Japan Post Bank to start in-house stock investments

JIJI

Japan Post Bank plans to start in-house investments in stocks in the second half of 2016, according to Katsunori Sago, the bank’s vice president in charge of asset management.

The bank’s policy for more diversified and sophisticated asset management “will not be affected” by the recent slump of stock prices, Sago said in a recent interview.

“We need to take care not to let buying opportunities slip by” due to fears of investment risks, he said.

Japan Post Bank, the banking unit of Japan Post Holdings Co., plans to diversify investment targets to boost returns amid very low interest rates.

At the end of September 2015, the bank had approximately ¥205 trillion in assets under management, of which Japanese government bonds accounted for 45.2 percent. It makes stock investments through consignment to trust banks, but has stopped short of in-house investments due to lack of qualified personnel and computer systems.

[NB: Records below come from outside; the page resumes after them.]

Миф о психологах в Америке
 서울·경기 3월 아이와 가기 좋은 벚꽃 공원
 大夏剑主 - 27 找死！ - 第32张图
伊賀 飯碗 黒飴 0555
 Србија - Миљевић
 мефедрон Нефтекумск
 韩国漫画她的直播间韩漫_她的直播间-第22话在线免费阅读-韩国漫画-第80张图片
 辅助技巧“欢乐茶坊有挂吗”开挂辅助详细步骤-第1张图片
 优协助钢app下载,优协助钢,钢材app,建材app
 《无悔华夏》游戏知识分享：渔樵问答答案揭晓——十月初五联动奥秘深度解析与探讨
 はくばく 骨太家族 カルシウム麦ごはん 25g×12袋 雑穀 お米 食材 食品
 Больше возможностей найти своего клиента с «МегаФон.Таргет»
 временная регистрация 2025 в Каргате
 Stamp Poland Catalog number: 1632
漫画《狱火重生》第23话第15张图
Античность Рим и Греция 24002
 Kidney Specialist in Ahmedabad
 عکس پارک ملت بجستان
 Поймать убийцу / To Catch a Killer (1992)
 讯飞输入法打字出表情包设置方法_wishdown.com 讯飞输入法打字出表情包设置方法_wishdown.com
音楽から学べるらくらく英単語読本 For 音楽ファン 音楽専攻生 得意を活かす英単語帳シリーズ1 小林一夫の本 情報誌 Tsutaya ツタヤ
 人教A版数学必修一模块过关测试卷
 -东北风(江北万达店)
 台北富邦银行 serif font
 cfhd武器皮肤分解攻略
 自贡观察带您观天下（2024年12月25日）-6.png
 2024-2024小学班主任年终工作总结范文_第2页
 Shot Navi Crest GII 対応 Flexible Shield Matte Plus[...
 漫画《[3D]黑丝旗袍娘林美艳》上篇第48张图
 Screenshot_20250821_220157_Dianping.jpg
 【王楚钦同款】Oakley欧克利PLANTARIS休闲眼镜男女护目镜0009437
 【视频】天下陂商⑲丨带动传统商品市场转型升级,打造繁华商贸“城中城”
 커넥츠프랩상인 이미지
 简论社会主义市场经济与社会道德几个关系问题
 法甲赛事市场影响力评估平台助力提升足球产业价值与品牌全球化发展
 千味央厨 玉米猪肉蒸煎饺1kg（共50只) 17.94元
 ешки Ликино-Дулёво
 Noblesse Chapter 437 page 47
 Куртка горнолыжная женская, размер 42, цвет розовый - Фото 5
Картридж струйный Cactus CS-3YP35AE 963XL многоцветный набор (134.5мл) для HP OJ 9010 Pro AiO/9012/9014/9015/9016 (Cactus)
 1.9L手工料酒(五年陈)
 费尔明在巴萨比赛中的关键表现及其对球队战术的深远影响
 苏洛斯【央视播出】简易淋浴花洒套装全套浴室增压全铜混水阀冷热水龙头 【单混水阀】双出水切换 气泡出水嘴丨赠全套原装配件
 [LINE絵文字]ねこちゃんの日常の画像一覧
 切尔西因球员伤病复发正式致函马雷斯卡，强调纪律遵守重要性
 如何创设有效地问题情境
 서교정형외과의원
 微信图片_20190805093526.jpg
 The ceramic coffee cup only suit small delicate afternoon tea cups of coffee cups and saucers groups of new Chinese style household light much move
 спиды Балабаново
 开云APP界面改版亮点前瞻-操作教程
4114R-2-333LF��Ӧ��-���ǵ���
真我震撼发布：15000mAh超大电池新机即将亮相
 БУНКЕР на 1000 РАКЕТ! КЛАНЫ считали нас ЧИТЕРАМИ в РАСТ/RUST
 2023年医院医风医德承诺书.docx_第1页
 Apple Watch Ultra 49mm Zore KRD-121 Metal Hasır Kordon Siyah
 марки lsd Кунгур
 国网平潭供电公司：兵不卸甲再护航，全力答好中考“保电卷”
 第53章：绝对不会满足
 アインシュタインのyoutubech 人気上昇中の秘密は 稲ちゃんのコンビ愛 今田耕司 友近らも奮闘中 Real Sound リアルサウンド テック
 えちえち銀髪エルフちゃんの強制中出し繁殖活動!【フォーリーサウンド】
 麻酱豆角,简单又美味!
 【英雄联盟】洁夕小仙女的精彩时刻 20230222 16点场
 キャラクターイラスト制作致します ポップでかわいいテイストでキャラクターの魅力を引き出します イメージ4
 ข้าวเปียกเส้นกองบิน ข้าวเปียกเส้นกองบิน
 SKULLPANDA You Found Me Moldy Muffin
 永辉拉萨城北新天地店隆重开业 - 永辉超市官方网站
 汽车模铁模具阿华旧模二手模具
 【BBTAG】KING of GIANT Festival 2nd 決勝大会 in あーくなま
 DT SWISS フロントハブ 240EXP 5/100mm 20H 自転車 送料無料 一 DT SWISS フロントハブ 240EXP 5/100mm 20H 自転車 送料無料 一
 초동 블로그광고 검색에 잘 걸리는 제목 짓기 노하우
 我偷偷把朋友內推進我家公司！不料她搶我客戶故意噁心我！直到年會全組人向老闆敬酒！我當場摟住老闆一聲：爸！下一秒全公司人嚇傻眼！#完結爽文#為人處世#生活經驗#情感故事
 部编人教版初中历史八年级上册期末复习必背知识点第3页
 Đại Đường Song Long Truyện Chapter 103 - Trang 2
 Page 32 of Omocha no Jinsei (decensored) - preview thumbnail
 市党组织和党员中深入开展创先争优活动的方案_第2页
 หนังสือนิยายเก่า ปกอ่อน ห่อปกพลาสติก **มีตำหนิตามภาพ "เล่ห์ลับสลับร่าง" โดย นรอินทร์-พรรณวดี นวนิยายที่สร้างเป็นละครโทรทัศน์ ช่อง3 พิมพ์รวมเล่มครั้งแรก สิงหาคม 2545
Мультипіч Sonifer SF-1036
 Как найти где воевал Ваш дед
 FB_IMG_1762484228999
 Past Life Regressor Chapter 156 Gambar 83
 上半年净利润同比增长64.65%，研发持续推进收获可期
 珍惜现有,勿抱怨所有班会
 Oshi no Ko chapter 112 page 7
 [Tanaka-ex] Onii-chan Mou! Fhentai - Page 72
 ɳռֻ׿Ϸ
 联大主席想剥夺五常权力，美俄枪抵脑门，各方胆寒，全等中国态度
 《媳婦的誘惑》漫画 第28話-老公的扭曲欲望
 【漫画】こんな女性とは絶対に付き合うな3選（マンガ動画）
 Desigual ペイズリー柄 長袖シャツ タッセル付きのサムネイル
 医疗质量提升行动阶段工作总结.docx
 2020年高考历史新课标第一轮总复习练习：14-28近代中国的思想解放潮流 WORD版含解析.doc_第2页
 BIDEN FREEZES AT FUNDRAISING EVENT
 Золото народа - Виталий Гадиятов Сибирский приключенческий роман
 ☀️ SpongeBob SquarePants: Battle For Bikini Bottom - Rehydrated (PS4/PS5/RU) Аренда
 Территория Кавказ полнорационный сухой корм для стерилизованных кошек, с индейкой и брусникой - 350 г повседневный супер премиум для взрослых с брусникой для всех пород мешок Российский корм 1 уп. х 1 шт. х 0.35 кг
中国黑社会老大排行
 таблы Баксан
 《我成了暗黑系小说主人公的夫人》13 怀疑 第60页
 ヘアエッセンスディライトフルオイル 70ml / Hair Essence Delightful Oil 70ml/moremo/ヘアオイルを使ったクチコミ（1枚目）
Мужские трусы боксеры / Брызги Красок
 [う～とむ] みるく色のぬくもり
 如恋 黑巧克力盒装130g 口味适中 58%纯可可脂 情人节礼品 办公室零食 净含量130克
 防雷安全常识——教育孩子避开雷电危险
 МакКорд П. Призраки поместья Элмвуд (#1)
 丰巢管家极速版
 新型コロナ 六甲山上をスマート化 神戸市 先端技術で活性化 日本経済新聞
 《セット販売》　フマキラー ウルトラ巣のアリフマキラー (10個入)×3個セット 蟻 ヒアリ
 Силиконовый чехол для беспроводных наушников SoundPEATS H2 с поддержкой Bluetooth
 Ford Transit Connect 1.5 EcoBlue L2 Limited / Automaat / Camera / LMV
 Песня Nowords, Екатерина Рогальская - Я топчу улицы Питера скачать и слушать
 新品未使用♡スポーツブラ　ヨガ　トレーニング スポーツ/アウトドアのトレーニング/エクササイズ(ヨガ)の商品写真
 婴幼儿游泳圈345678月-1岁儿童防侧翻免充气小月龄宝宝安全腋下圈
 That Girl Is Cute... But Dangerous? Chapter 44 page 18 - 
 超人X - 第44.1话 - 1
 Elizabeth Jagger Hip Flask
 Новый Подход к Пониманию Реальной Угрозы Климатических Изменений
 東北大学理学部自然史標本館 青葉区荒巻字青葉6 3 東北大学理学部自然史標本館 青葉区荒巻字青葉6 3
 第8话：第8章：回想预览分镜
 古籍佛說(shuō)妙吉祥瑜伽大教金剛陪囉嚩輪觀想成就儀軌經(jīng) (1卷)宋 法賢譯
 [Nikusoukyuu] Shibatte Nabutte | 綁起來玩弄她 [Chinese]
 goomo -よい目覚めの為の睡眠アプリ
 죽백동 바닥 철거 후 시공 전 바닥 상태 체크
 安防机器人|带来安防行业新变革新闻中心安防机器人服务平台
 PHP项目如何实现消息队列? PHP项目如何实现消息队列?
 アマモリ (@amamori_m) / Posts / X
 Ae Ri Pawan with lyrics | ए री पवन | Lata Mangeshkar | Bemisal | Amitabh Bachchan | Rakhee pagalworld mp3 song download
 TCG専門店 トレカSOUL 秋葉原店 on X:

“We hope to increase the number of employees involved in asset management by at least 30 percent in the next 18 months to two years” from the current level of about 100, Sago said.

Sago joined Japan Post Bank as vice president in June 2015, after serving as vice president and vice chairman of Goldman Sachs Japan Co.

In the interview, Sago said the balance of the bank’s satellite portfolio, made up of corporate debt, stocks and foreign securities, will likely reach ¥60 trillion during fiscal 2016, which starts in April, ahead of its goal of the end of fiscal 2017.

The target balance, up from ¥48 trillion at the end of fiscal 2014, could be achieved by the end of March this year, depending on market conditions, he said.

Japan Post Bank plans to start private equity investments by the end of March at the earliest and no later than June, he said.

Sago expressed a positive attitude to working with regional banks to establish regional revitalization funds. Japan Post Bank is in talks with regional lenders, but none of them is close to an agreement, he said.